Known issues

We hope to address the following issues in future releases:

Currently treated as a single lexical item, as in (i), ANOTHER should perhaps better be split, as in (ii).
(i)  (D another)
(ii) (D an@) (ADJ @other)

Complex "plus" tags
Morphologically complex quantifiers, consisting of one of the quantifiers ANY-, EVERY-, NO-, or SOME- combining with one of the nominal heads -BODY, -ONE or -THING, are currently tagged with special "plus" tags, as in (i), but should perhaps better be split, as in (ii).
(i)  (Q+N everyone)
(ii) (Q every@) (N @one)

Empty heads
Empty heads of phrases are not always explicitly included.

Extralinguistic material
There is no current annotation guideline for whether non-linguistic material such as coughs, laughter, and so on, forms part of an adjacent token or stands alone. In the future, we plan to impose a stand-alone default.

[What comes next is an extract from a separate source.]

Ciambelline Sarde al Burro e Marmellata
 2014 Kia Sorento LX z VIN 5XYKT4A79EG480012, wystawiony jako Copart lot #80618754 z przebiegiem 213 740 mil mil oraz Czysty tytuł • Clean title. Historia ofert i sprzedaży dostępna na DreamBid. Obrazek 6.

Extraposed elaborations on subjects inconsistently attach as sisters of the subject (daughters of IP) or as daughters of VP.

The corpus contains sporadic *ICH* traces of extraposition.

False starts
The internal structure of short false starts is sometimes annotated, contrary to the current guidelines.

There are no current guidelines about when to annotate disfluent material as a single long false start or a sequence of several.

POS tags within false starts are more likely to contain errors than those in the main parsed structure.

According to the current guidelines, trailing hyphens are intended to mark incomplete words. But in many cases, trailing hyphens mark complete words within false starts, notably the final ones.

Some FRAGs should likely be annotated as IPs with missing subjects, and vice versa.

The conventions for hyphenation in the Praat transcripts and in the parsed corpus are not completely consistent. Users unable to find a hyphenated word from the parsed corpus in the Praat transcripts should keep this in mind and revise searches accordingly.

Interjections sometimes form separate sentence tokens, even when they shouldn't according to the current guidelines.

Punctuation in the AAPCAppE is not always consistent with the current guidelines. But since punctuation is not a part of the audio signal, even widespread inconsistency should not affect the usability of the corpus for linguistic research.

Even the documentation (in sections other than those devoted to punctuation) may be inconsistent.

There are likely to be instances of direct speech that are not marked as QTP.

Some material tagged as XX probably contains overlooked false starts.